I don’t see much of a change in sales for the Leaf for 2013.

The cheaper S model is missing what makes the 75 EV mile range palatable, and that’s the faster 6.6 charger. Upgrading at $1,300 puts the lease at the SV $249/mo. But you still get no navigation or ‘carwings’ to remotely check car charging status, etc. So we are back at $31,820. But still cheaper than the 2012 SV.

Meanwhile, Ford seems focused on building and maintaining inventory of plug-in hybrid vehicles. The C-Max Energi with 662 in inventory as of today, Fusion Energi at 242(still filling backorders), with Focus Electric at 484.

Nissan is doing well with 1,065 in inventory, up from 683 at beginning of March.

Toyota, offering the Prius plug-in at discounts below the Prius Liftback, has a whopping 1,270 in inventory. But they also had 1,197 in inventory last month and only sold 693.

Isn’t this the Billion dollar question … ?

While the sales number in Japan is encouraging, we won’t know if that is just another spike or the new norm for a few months. I do expect similar larger numbers in US in the next 2 months at least.

One big difference is the availability of Level 3 charging in Japan vs the complete absence in the US outside California and Tennessee.

Actually, you’d be surprised to know that Washington, Oregon, Texas all have substantial CHAdeMO installations and are actually far ahead of California in terms of QC infrastructure until the past few months where it seems that finally more QC stations are coming online in California.

After all, you can drive from Canada to California along I5, but once you get to California you are stuck unless you happen to be in the Bay Area which has a barely useful number of QC stations (except for along HWY101 between Palo Alto / Sunnyvale).

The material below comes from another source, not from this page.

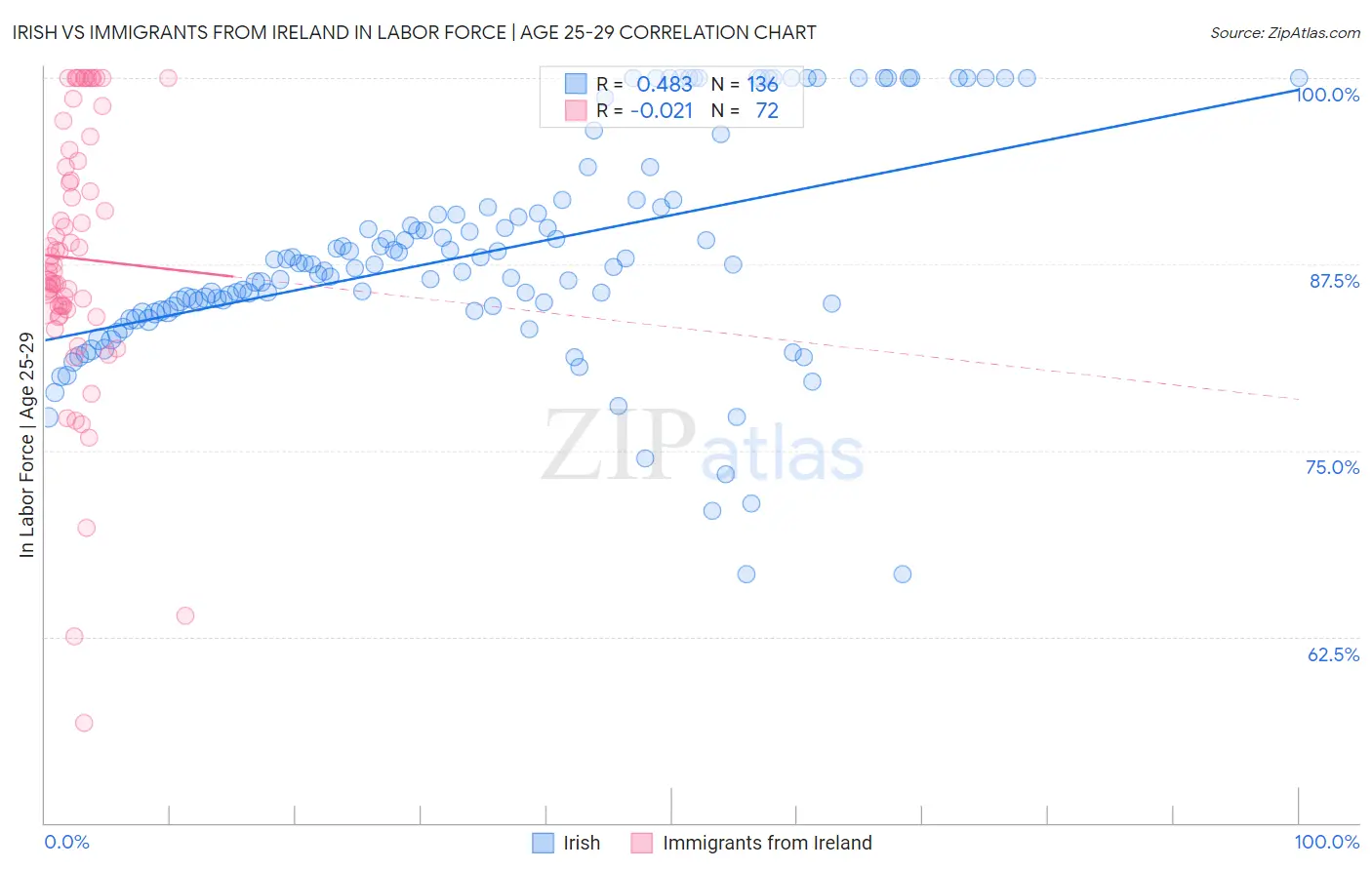 Irish vs Immigrants from Ireland In Labor Force | Age 25-29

Southern California has a handful, but still far from enough.

Stopped by local Nissan dealer late Saturday as last LEAF SV was driving off lot; only 6 S’es remained. Rep said they had a balanced mix of SL’s, SV’s & S’es and were willing to place an order. They did note that the Blue color would be delayed (no reason given), but all other colors are available.

I don’t think my Nissan dealer has any Leafs on the lot, last time I checked. So I think there is still a shortage in some areas.

I’m hopeful to see sales increase by 50% to 100% this year in the USA. We have a cheaper Leaf, plus I’ve been seeing some advertising on TV so the public will be more aware of the vehicle. If they would advertise those lease rates a bit more, I think it would help even more.

There are 73 Leafs near me – but the biggest Leaf dealer has only 3 ! This is the dealer that sold nearly a 100, in Nov/Dec.

I also see a lot of new people on MNL. I expect sales numbers to hit 2,000 a month soon.

Where did you got Japanese car sale numbers from?